> **Data under study**

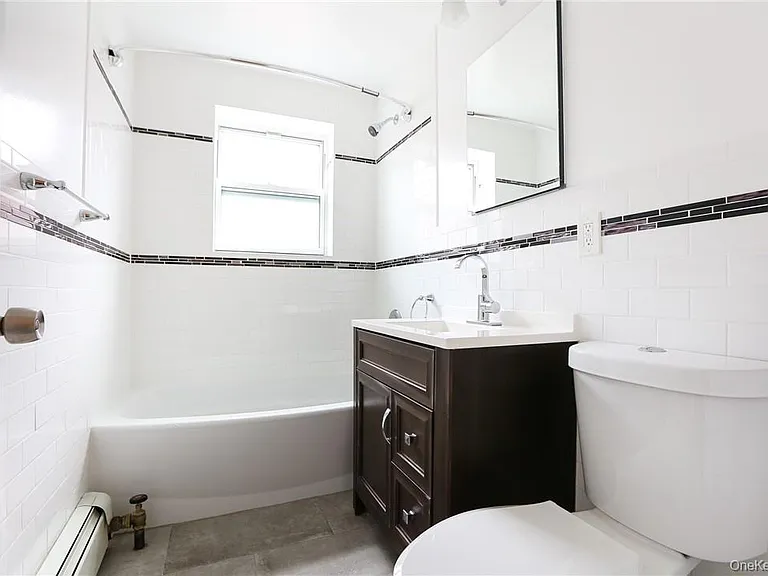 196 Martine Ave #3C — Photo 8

==

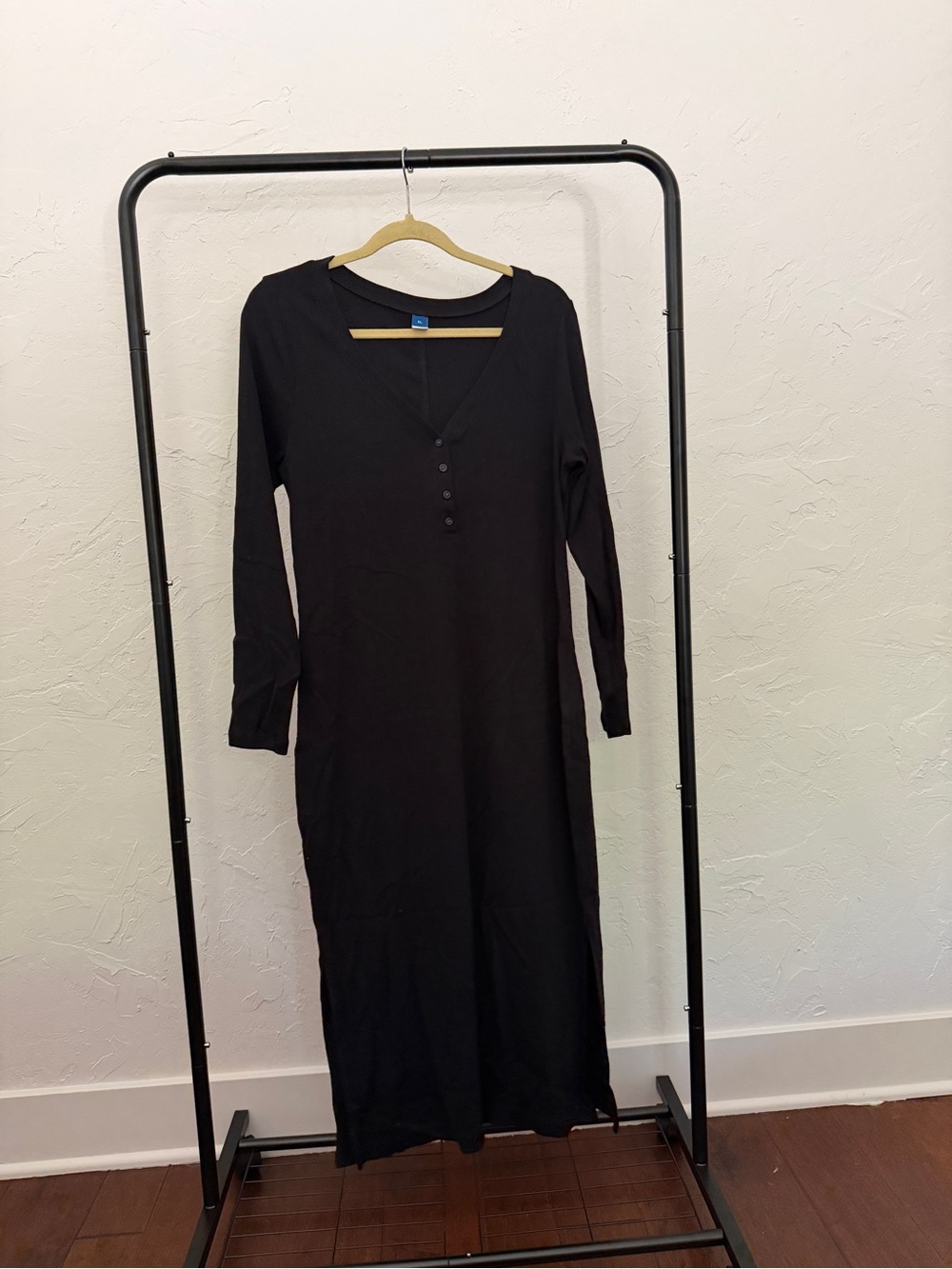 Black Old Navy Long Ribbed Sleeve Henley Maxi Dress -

...

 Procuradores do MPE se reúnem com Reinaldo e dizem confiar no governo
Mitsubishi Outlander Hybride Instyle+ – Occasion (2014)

> **Required action**
Above are the lines; repeat exactly the ones from the line containing "Procuradores do MPE" down to the line containing "Mitsubishi Outlander Hybride", both inclusive.

> **Answer to this task**
 Procuradores do MPE se reúnem com Reinaldo e dizem confiar no governo
Mitsubishi Outlander Hybride Instyle+ – Occasion (2014)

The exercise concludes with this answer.